Erri de Luca écrit en ce début de millénaire de la prose aérienne sur le Mont de Dieu, situé à Naples. Montedidio est un roman qui peut se lire par bouchées spirituelles. « 'A iurnata è 'nu muorzo », dit Mast’Errico en Napolitain à son apprenti, “la journée est une bouchée”: il faut travailler vite.

Leçon de vie

Chaque journée est une leçon de vie pour le narrateur qui apprend à devenir un homme, à respecter son sexe tant ce roman parle d’un processus sanguin et spirituel, charnel et délicat, presque insaisissable.
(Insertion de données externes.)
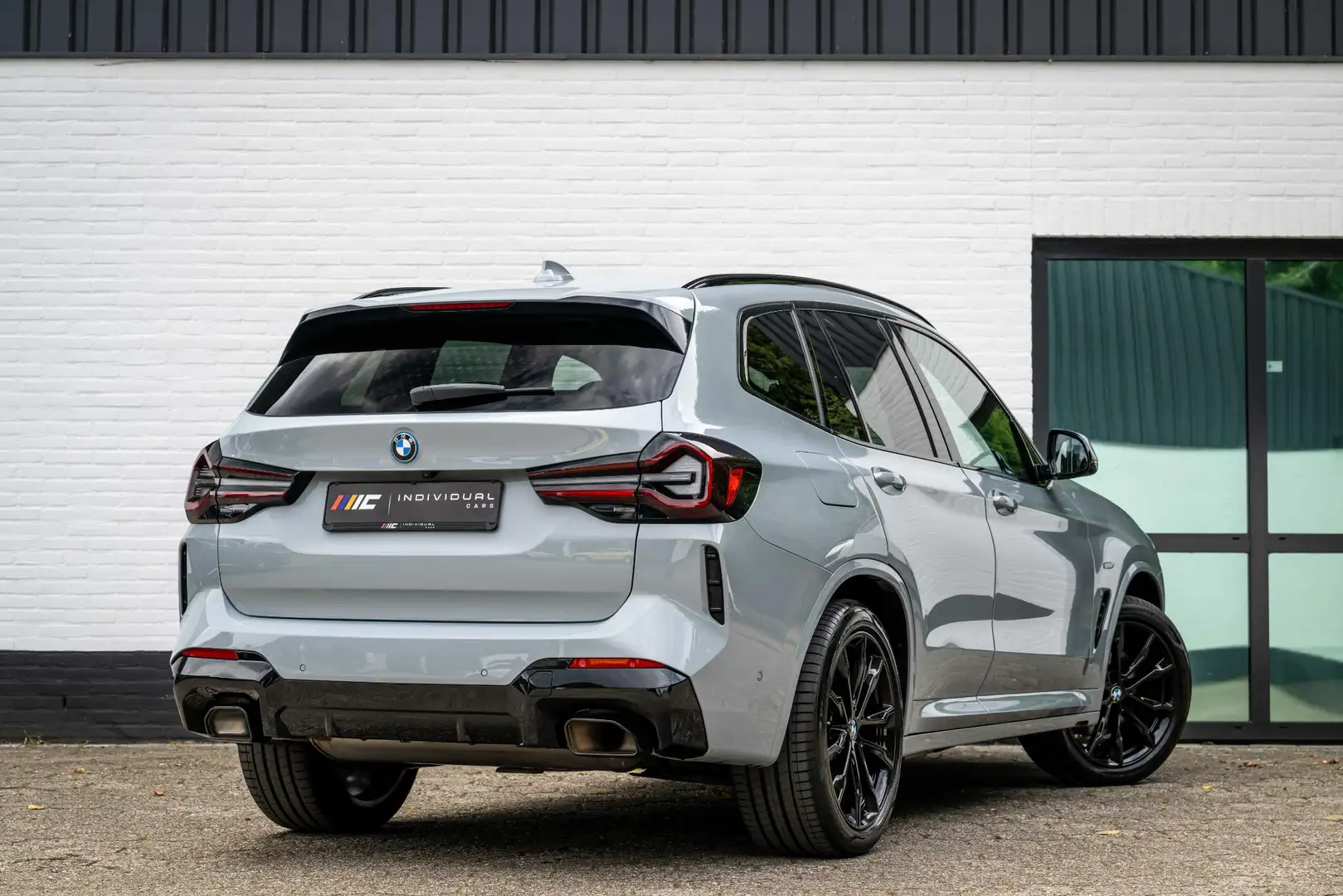 BMW X3 xDrive30e M-Sport Stoelventilatie Laser Memory Grijs - 2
Il devra mûrir rapidement : « Au printemps, j'étais encore un enfant et maintenant je suis en plein dans les choses sérieuses que je ne comprends même pas » Il découvre peu à peu la bonté et la bienveillance comme les dangers du monde des adultes et la force de l'amour comme une alliance contre le monde extérieur et également en lui “une force amère capable d'attaquer” . La magie de ce roman sensible tient à la noblesse des sentiments de ce jeune garçon respectueux et courageux, à la coloration biblique des récits de Rafaniello, au symbolisme de cette chronique du passage à l'âge des responsabilités.
Un roman qui s'inspire de l'enfance de l'auteur, qui a vécu à Montedidio avant de devenir ouvrier et de jouer pendant son temps libre, la nuit, avec les mots.